Are you ever worried Penn will plunge down the T14 rankings for being "over-rated" or gaming US News?  Are you ever troubled by the fact that some people think it is vastly overrated?  Do you find any truth in those accusations?

First, let me say I love Penn. I love it to death. I am probably one of the biggest Penn trolls out there.

That said, am I "worried" that Penn will plunge down the T14 rankings as you put? Hell no. What do I have to be worried about? I don't want to clerk, I have job(s) lined up, and firms are NOT up to date with US News enough to know that Penn is #6 now, much less that it might be #8 next year and #7 the next. So, no I am not worried (though, for the record, I also don't think Penn will "plunge" in the rankings. It might drop next year, but it won't "plunge").

Second, I am likewise not troubled by the fact that some people think Penn is "vastly" overrated. Do I think, according to US News, it is overrated? Probably. But that speaks more of my respect for the University of Chicago as a law school and institution in general than it does against Penn. Also, in no way do I think you would be sacrificing by choosing Penn over the University of Chicago, but I think in ways that US News determines its rankings (at least the public part), Chicago should be ranked higher. Penn is not historically a T6, and while it is building its faculty and attracting a top-notch student body, currently Chicago still has a slight edge in these areas and a few more (though I think Penn has some advantages too, of course). But in no way is Penn "vastly" overrated, but I could hear you out if you thought it could go down a spot or so. HTFH.  :D

22
Is it true that Penn 2Ls don't have to attend classes and can just travel all over the globe instead?

Haha. Yes, this has been my semester. This semester, my travel has included: Chicago, Tucson, San Francisco/Palo Alto (4 times), LA (3 times), San Diego, New York (2 times), Portland, Seattle, Jamaica, and Miami (some of this was for callbacks) and this winter break I am going to Amsterdam, Brussels, Miami, The Bahamas, Honduras, Mexico, and Belize. In other words, you can definitely travel a LOT as a 2L at Penn.
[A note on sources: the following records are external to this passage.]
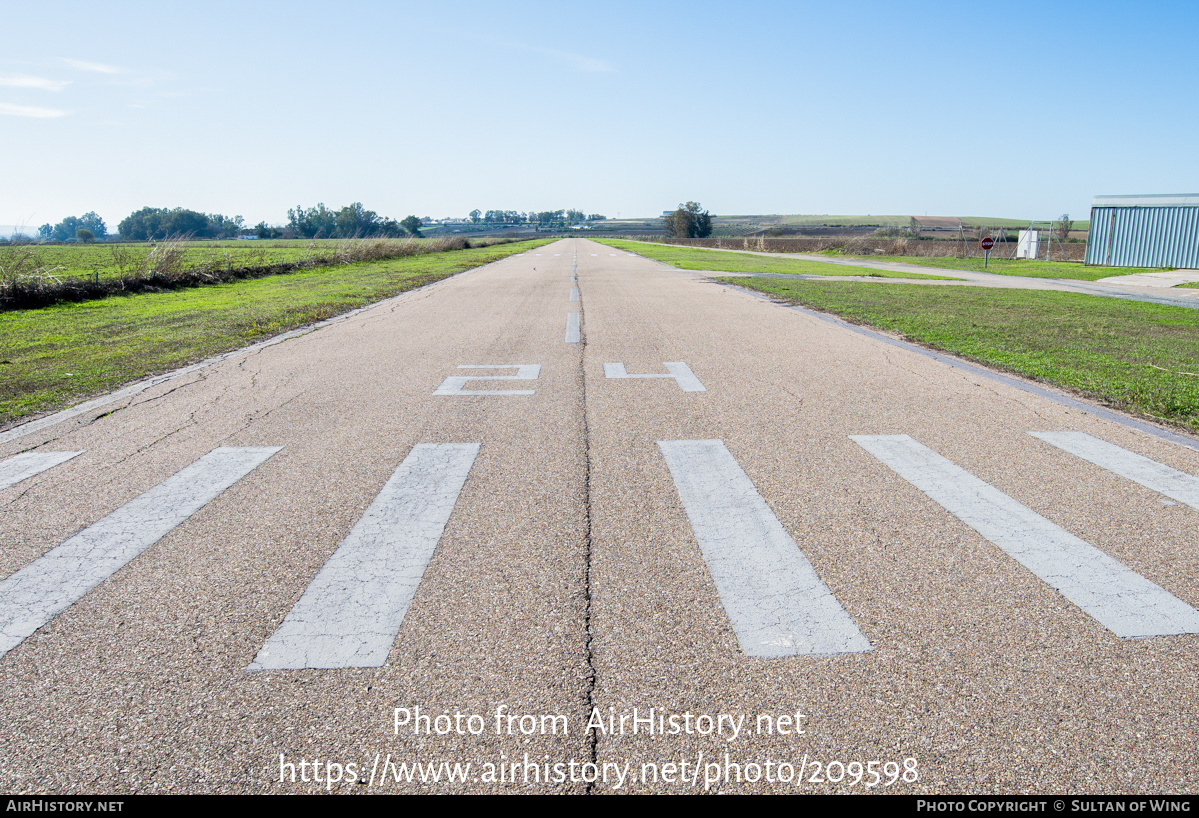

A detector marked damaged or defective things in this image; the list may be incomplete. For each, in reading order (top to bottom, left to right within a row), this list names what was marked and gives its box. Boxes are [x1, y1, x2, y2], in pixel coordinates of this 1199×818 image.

weathered asphalt patch [0, 448, 83, 486]
weathered asphalt patch [0, 446, 279, 657]
weathered asphalt patch [250, 443, 479, 666]
weathered asphalt patch [657, 438, 872, 657]
weathered asphalt patch [848, 434, 1199, 638]
weathered asphalt patch [1026, 426, 1199, 508]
I set my schedule up next semester so I only have class Tuesday-Thursday so I can, hopefully, travel more (I'm hoping London, Paris, Morocco, Montreal, Toronto, Vermont/New Hampshire, and, well, who knows where else). We'll see though.  ;)

How does this travel program work???

Cady and Legapp are right, I wisely took a firm job last summer making BANK and I took that money and spent it on travel. Granted about 3 of my trips to SF/Palo Alto were paid for, along with a trip to LA, NYC, and a few more, but other than that I've paid for it myself. Ask Legapp or Cady, I come from a poor background - but working a firm job my 1L summer opened up a stream of income to me that I've been able to use to see places in the world and country I never thought I'd get to experience. I'll be working too hard as an associate to appreciate travel, might as well do it now.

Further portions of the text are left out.